続いて、デジタルでの集客でやってよかったこと、やらなかったことは次のように挙げました。

  • やってよかったこと
    自社ホームページ、コエテコで情報をすべて公開
    体験申し込み窓口をコエテコに一元化
  • Not -Todo
    料金を隠す
    体験申し込み窓口を自社ホームページとコエテコで分ける

自社ホームページでは、料金を含めすべての情報を公開しているそうです。これは、料金を隠すことによって安心感を得られないこと、料金問い合わせのやり取りに双方の手間がかかることが理由とのこと。

また、Web集客にはコエテコも活用しています。自社ホームページに掲載している内容をコエテコにも掲載。体験申し込みはすべてコエテコ経由に一元化することで、事務作業の効率化と返信漏れなどのミスをなくしているとのことでした。

体験会は、翌月の入会者のみを募集する形で提示しています。そうすることで、決断を早めることができるとのこと。さらに特徴的なのは、無料での体験会や夏休みの体験会を実施していないことです。本気度が高い生徒が集まるため、入会率が上がると本田さんは説明します。

授業の質向上のためにやったことについても解説がありました。

  • 教材選びのポイント
    内容・カリキュラム
    説明を聞く・疑問点を解消
    自分が体験する
  • 教材だけに頼らない授業・イベント

教材は自分も体験し、「生徒が楽しめそうか」という観点で選んでいるそうです。この際の楽しさとは「fun」だけでなく「interesting」も重視しているとのことでした。

今後は、鎌倉駅前プログラミング教室 for Kidsを日本一のプログラミング教室にすることを目標にしていると話す本田さん。基本に忠実に教室を運営している様子が印象的でした。今後は「チェーン展開などで規模を大きくするのではなく、スタッフの給与水準を高くし、授業の質を向上させ、鎌倉に根付いて地域に貢献していきたい」と展望を話しました。

(みやじまロボットクラブ)2022年WRO国際大会出場!生徒がやめないロボット教室~ロボット競技会でやる気UP~ 「みやじまロボットクラブ」の競技会参加を目標としたレッスンプランの作り方やモチベーションアップの方法を紹介!


みやじまロボットクラブの吉田 秀人さんからは、受験と並行しながらもロボット教室を継続してもらえるレッスンプランの作り方やモチベーションアップの方法を実例をもとにお話しいただきました。

学生時代にロボコンへ出場し、その後プロ家庭教師として15年の実績をお持ちの吉田さん。その経験が、2012年に設立されたみやじまロボットクラブに繋がっていると言います。

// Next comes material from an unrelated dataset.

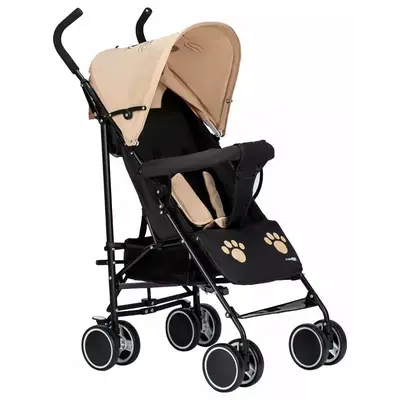 Carucior sport, FreeON, Simple, Spatar si suport picioare reglabile, Capotina cu fereastra, Conform…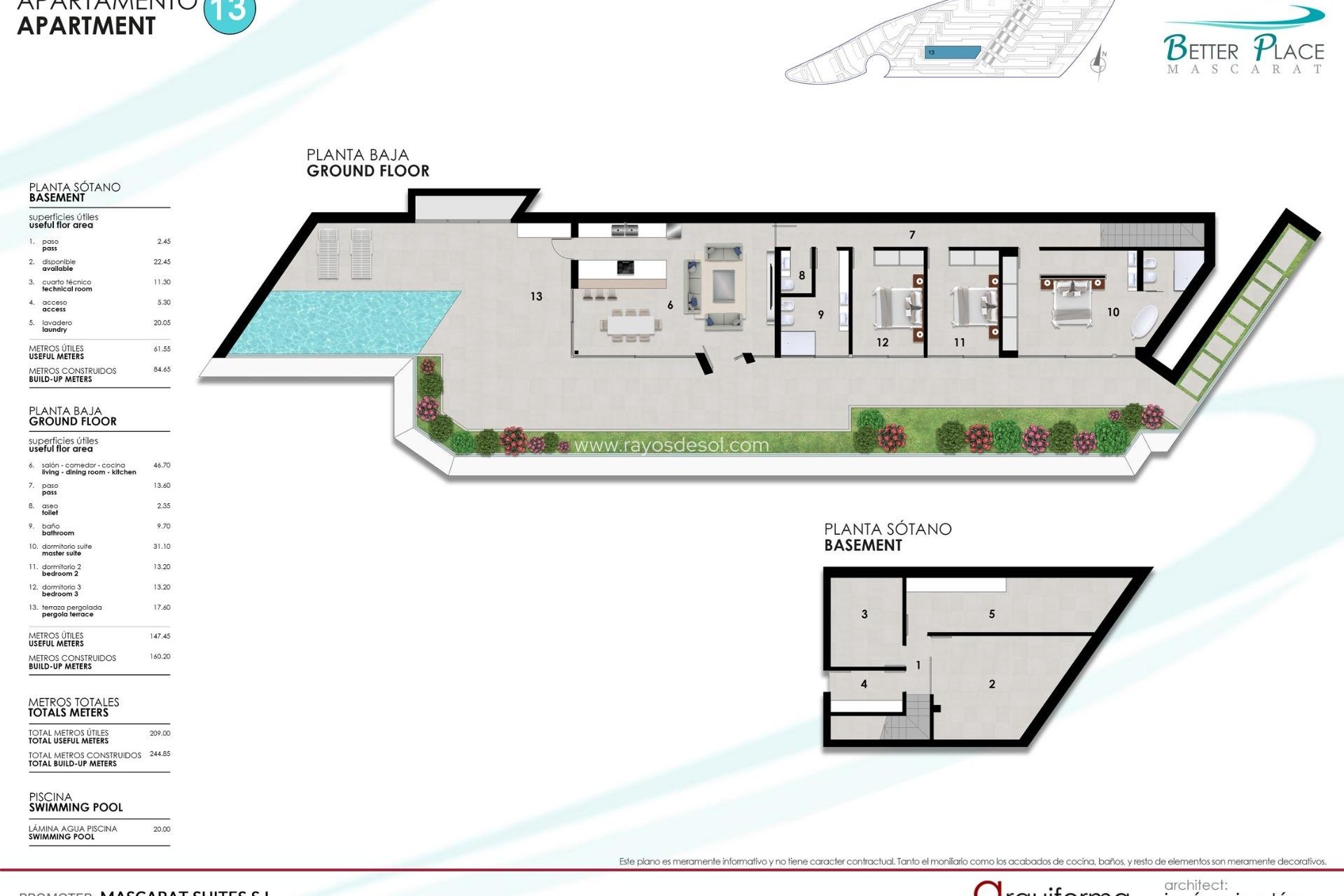 Nieuwbouw - Appartement - Calpe - Puerto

現在みやじまロボットクラブでは、小学4年生から高校生のメンバー約60名が所属し、WRO(ワールドロボットオリンピアード)への参加を中心に活動しています。WROは、世界80カ国以上が参加する世界最大クラスのロボット競技会です。日本での全国大会では、地区大会を制した150チームが日本代表権をめぐって競い合います。必ず2人か3人のチームで参加することが特徴です。同クラブは、2018年に中学生部門、2022年に高校生部門の日本代表として国際競技会に参加しています。

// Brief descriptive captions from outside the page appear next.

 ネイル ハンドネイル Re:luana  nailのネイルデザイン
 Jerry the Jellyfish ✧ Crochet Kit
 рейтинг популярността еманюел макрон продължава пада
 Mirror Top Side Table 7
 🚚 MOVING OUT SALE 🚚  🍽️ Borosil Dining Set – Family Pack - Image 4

入会は小学生のみに限定しているにも関わらず、卒業タイミングでの大会が少なく高校生になるまで続ける生徒が多いのが同クラブの特徴。ロボット教室の競合は塾やスポーツですが、それらの競合に負けることなく「6年生の卒業退会をストップさせたい」とさまざまなやる気アップ作成を実施してきたと言います。

その中で、やはり「世界」というキーワードはとても重要だと吉田さんは語ります。地方のスポーツクラブなどでも全国大会に出場することはあるので、「全国」というキーワードではあまり目立ちません。しかし「世界」となると別格になります。先輩たちが実際に世界大会に出場していることで「頑張れば実現する」と世界を目標にやる気がアップします。

ただ勝利主義でやるのではなく、負けることが大事だと吉田さん。WROは7月末に予選会があり、そこで負けた選手は8月から来年に向けて開発をスタートします。7月から冬にかけては受験期と重なりますが、負けた悔しさで火がついたことで、6年生や中学3年生もロボットの練習を続けるようになるといいます。地元のライバル、全国のライバル、世界のライバル…というように、それぞれの段階でライバルがいるので意欲が長く続きます。

継続のためには、保護者のやる気アップも重要です。「世界」は保護者にとっても分かりやすく魅力的なキーワードで、他のクラブとの差別化に繋がります。ポイントは「わが子が本当に世界大会に行けると思ってもらう」「受験に対しても良い影響があると感じさせる」ことだそう。世界大会に行く苦労や費用面もリアルにお伝えし、イメージを持ってもらっているとのことでした。「受験勉強と並行することで課題解決能力が上がる」「クラブでの取り組みは面接対策としてもメリットがある」と説明するのも効果的だと言います。吉田さんは、プロ家庭教師をしていた経験を活かして、モチベーションアップの声かけ、保護者への説明をしているそうです。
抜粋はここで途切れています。